Sunday, 6 November 2016

Dave Brewer Challenge - Tuning Fork Layouts

In my post about EXPO-NG last week I missed out a substantial section of the exhibition, the Dave Brewer Challenge layouts. Some years the challenge attracts a handful of entries, this was clearly a more popular year as there were 18 entries that made it to the show. The brief was a "tuning fork" layout - that is, a single point - with a size restriction of course, and yet there was a great variation in the layouts, and the range of imaginative settings. Some had finescale standards or obscure gauges, some had working features, some had stunning scenery, some characterful dereliction, some good presentation. Undoubtedly the standards were high, and judging must have been tough...


The winner was Creag Dhubh Summit in 009 by Ted Polet. As well as meeting the challenge, this serves as an extension to Ted's well-known Craigcorrie & Dunalistair layout based in Scotland, the layout represents the terminus of the branch to the summit of Creag Dhubh. You might detect that it is heavily inspired by the Snowdon and Isle of Man mountain railways, and the combination of a convincing premise and superb scenery make it a worthy winner.

This shot shows Creag Dhubh Summit linked to the extension/link piece "the ridge" that links the challenge entry board to the rest of the layout; these two sections sit over a fiddle yard on Ted's home layout.

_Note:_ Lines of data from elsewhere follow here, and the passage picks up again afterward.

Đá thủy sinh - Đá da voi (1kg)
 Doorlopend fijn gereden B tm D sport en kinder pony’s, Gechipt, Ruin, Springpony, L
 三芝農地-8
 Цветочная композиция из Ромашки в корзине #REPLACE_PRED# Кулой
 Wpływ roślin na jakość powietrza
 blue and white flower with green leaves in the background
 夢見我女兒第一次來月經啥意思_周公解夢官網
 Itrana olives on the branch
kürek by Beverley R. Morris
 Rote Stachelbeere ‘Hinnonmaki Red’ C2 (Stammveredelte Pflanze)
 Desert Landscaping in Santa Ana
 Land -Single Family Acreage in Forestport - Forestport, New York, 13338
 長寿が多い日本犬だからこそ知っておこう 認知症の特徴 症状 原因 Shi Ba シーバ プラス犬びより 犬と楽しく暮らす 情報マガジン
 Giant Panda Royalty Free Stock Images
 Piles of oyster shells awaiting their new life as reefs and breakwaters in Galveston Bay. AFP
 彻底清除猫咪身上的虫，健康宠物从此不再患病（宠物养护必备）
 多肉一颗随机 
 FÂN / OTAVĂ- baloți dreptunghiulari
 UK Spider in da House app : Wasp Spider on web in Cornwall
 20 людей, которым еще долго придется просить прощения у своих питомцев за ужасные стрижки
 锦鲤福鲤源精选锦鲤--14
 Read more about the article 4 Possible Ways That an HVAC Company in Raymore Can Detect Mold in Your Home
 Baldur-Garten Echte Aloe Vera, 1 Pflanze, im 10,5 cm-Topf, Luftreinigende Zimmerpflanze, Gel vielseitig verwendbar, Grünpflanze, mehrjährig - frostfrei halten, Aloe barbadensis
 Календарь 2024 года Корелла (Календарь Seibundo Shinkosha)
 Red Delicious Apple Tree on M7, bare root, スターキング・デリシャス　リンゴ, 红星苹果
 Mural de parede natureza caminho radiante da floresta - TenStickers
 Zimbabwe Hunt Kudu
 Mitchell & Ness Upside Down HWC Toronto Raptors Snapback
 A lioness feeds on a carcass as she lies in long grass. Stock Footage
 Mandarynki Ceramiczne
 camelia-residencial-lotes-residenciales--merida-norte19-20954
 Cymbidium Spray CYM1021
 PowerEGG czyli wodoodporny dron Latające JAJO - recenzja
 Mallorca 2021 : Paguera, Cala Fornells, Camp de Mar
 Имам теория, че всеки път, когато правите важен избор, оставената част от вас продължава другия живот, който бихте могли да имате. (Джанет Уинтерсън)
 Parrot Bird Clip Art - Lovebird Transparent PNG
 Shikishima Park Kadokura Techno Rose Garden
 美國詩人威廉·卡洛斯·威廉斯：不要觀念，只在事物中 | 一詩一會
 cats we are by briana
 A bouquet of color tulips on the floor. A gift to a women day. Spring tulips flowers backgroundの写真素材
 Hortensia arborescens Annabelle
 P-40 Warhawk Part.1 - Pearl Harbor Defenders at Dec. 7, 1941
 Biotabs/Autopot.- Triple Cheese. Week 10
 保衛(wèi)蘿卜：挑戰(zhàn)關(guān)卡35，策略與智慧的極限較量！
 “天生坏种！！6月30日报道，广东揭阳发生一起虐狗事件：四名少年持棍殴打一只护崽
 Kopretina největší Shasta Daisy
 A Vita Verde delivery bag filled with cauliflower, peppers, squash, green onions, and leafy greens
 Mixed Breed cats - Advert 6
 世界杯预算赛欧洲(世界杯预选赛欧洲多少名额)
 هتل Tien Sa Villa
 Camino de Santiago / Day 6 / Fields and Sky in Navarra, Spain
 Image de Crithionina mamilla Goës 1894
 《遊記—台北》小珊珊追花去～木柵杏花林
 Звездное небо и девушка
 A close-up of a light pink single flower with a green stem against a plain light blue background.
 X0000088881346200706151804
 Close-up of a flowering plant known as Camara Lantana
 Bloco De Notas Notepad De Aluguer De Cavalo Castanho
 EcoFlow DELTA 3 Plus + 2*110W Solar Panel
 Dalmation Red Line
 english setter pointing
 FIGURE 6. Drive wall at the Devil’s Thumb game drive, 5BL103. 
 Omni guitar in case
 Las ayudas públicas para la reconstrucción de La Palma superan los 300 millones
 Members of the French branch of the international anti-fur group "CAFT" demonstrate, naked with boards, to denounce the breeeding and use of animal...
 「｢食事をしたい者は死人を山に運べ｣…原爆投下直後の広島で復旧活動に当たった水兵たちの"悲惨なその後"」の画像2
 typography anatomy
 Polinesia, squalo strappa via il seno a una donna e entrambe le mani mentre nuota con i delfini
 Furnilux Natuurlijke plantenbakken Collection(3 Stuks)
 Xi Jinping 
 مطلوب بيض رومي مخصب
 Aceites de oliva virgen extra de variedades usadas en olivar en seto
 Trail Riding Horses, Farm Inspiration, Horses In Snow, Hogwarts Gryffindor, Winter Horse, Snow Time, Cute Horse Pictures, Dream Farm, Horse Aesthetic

Runner-up was The Scrapman Cometh, an O14 model by Pete Wilson. Capturing the dereliction of the end of the working slate quarries in North Wales, it featured a working stub point for double-flanged wheels - clever, as well as characterful.


One of my favourites was Beta Cables, this model based on a real factory with a 3' 6" gauge line was modelled in 4mm scale, with 14mm gauge, by Stuart Brewer. So a technical challenge, with prototypically unusual locos and stock, well executed and smartly presented too.


Lost River Logging Railroad in HOe by Peter Smith depicted a US logging scene, with a well detailed sawmill and even logging line track with round-log sleepers.


For more originality and technical difficulty, look at Rantners Wharf in 009 by Roy Jamson. It featured a working swing bridge with interlaced / gauntlet track through the elongated point.


While Letter to Goathorn (in 7mm scale, 26.25mm gauge) by Peter Hollins had real water!


Weston Zoyland in 009 by Toby Hollins-Jones was based on the preserved pumping station. I've never visited but the layout perfectly captured the scene from the photos I've seen. with suitable exhibits - even steam from the chimney of the stationary engine. An impressive model, and as I understand, built by a teenager.

I've not space here to show all 18 so I must stop there, but you can see them all here. I'm sure you'll agree that once again the EXPO challenge has successfully demonstrated the broad nature of narrow gauge, and a high standard of modelling.